(Collection entries)
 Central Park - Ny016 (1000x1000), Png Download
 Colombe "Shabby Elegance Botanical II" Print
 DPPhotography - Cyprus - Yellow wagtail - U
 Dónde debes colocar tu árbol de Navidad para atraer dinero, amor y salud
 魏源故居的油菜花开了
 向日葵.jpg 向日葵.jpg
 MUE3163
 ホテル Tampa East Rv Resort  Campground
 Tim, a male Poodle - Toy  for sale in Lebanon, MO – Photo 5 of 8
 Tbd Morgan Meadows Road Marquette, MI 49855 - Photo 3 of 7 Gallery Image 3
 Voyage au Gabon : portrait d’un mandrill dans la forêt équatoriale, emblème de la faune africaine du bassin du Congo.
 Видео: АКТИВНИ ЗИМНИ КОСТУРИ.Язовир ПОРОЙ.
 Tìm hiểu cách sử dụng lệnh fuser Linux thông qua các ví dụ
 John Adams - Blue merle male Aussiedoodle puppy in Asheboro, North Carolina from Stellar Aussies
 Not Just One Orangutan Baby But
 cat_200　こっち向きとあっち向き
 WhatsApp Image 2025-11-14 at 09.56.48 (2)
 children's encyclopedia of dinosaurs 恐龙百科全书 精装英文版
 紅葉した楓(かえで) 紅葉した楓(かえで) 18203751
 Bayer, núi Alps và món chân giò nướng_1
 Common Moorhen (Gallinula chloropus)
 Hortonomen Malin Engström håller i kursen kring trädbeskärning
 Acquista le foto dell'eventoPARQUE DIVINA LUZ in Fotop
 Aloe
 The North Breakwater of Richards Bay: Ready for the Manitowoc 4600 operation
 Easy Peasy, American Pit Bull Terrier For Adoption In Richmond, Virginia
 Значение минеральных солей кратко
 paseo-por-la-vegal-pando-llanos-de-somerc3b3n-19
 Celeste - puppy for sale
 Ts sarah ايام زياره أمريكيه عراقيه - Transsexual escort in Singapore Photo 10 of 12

Required action: Could you repeat every record above exactly as it is written?

Output below:
 Central Park - Ny016 (1000x1000), Png Download
 Colombe "Shabby Elegance Botanical II" Print
 DPPhotography - Cyprus - Yellow wagtail - U
 Dónde debes colocar tu árbol de Navidad para atraer dinero, amor y salud
 魏源故居的油菜花开了
 向日葵.jpg 向日葵.jpg
 MUE3163
 ホテル Tampa East Rv Resort  Campground
 Tim, a male Poodle - Toy  for sale in Lebanon, MO – Photo 5 of 8
 Tbd Morgan Meadows Road Marquette, MI 49855 - Photo 3 of 7 Gallery Image 3
 Voyage au Gabon : portrait d’un mandrill dans la forêt équatoriale, emblème de la faune africaine du bassin du Congo.
 Видео: АКТИВНИ ЗИМНИ КОСТУРИ.Язовир ПОРОЙ.
 Tìm hiểu cách sử dụng lệnh fuser Linux thông qua các ví dụ
 John Adams - Blue merle male Aussiedoodle puppy in Asheboro, North Carolina from Stellar Aussies
 Not Just One Orangutan Baby But
 cat_200　こっち向きとあっち向き
 WhatsApp Image 2025-11-14 at 09.56.48 (2)
 children's encyclopedia of dinosaurs 恐龙百科全书 精装英文版
 紅葉した楓(かえで) 紅葉した楓(かえで) 18203751
 Bayer, núi Alps và món chân giò nướng_1
 Common Moorhen (Gallinula chloropus)
 Hortonomen Malin Engström håller i kursen kring trädbeskärning
 Acquista le foto dell'eventoPARQUE DIVINA LUZ in Fotop
 Aloe
 The North Breakwater of Richards Bay: Ready for the Manitowoc 4600 operation
 Easy Peasy, American Pit Bull Terrier For Adoption In Richmond, Virginia
 Значение минеральных солей кратко
 paseo-por-la-vegal-pando-llanos-de-somerc3b3n-19
 Celeste - puppy for sale
 Ts sarah ايام زياره أمريكيه عراقيه - Transsexual escort in Singapore Photo 10 of 12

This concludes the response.